PROBLEM TO SOLVE.
Output the data below exactly, images excluded.

DATASET RECORDS.
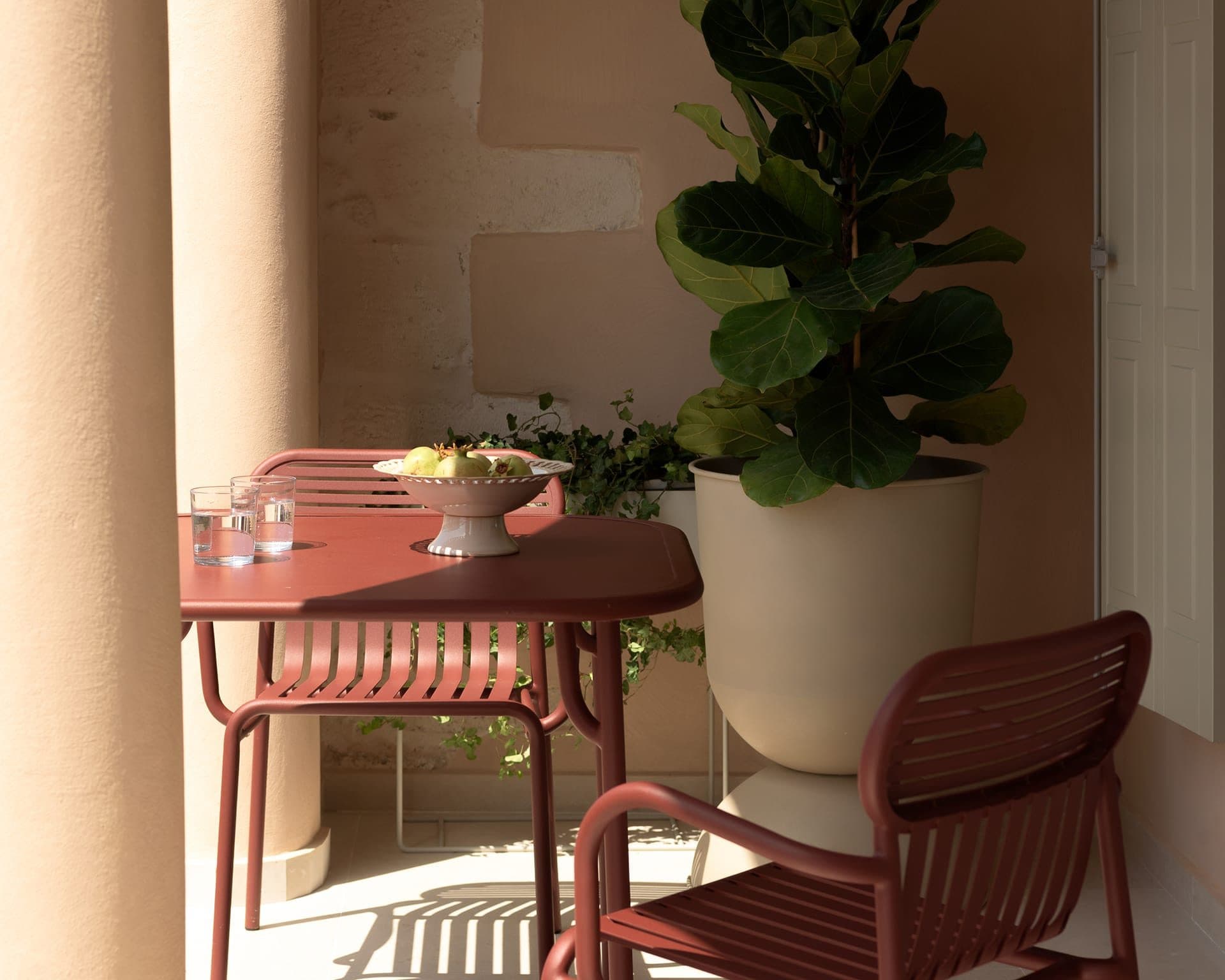 Moshoviti Residence, Rethymno – photo 12 of 44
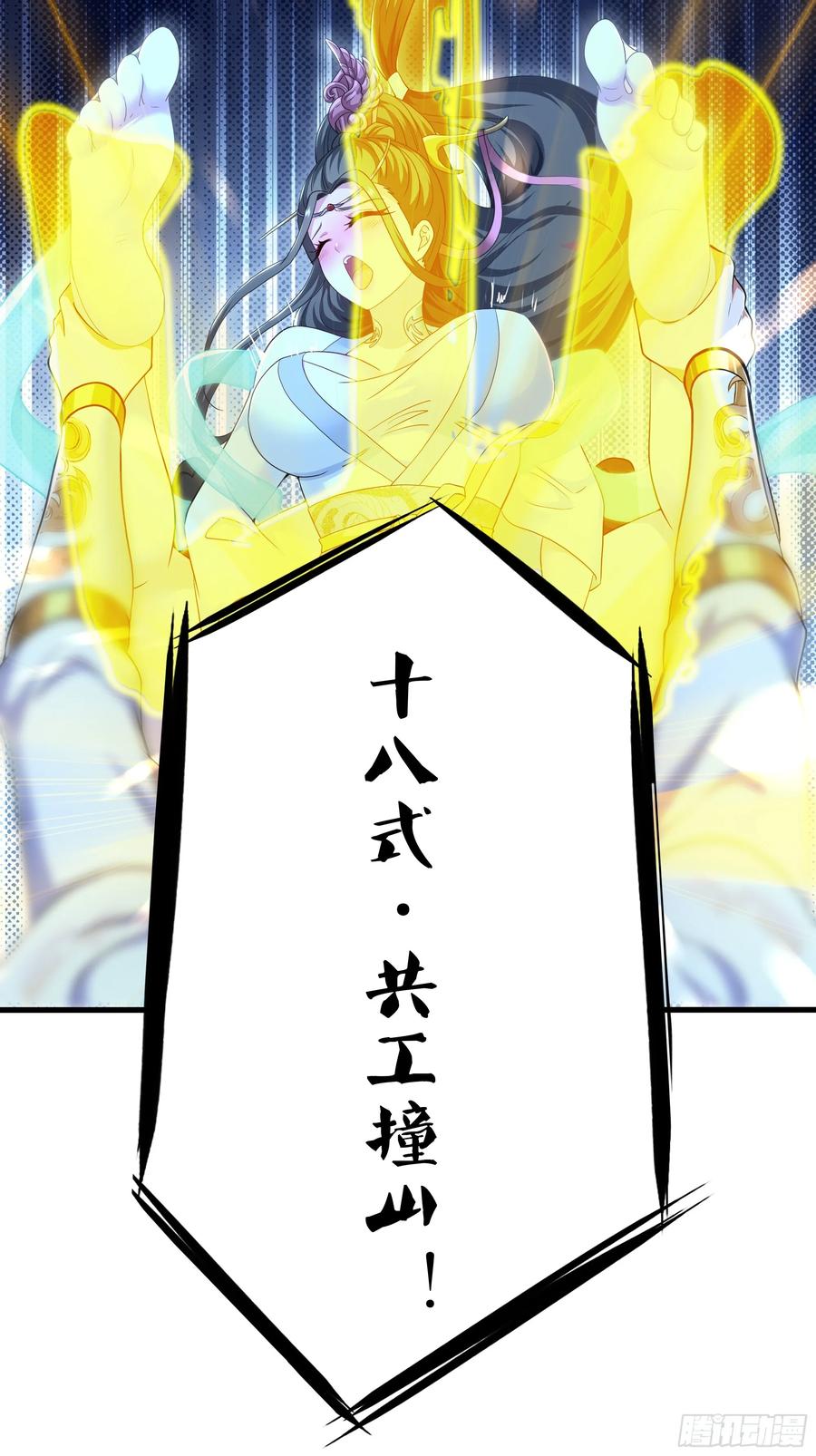 29.jpg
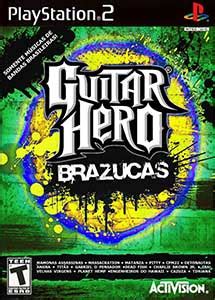 Guitar Hero Iii Brazucas Ps Iso Ntsc Mg Mf Gamesgx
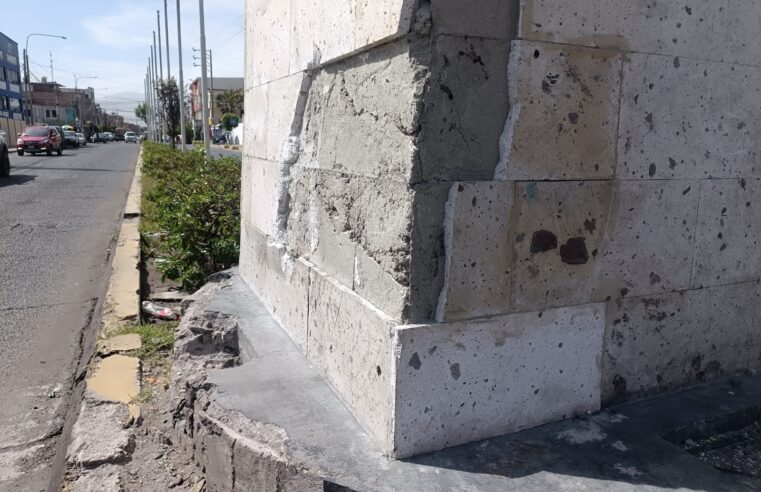 FOTO DE HOY MIERCOLES 15 DE OCTUBRE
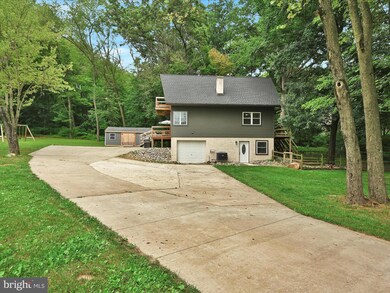 50 Loop Rd, Quarryville, PA 17566 - photo 5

RESULT OF THE TASK.
 Moshoviti Residence, Rethymno – photo 12 of 44
 29.jpg
 Guitar Hero Iii Brazucas Ps Iso Ntsc Mg Mf Gamesgx
 FOTO DE HOY MIERCOLES 15 DE OCTUBRE
 50 Loop Rd, Quarryville, PA 17566 - photo 5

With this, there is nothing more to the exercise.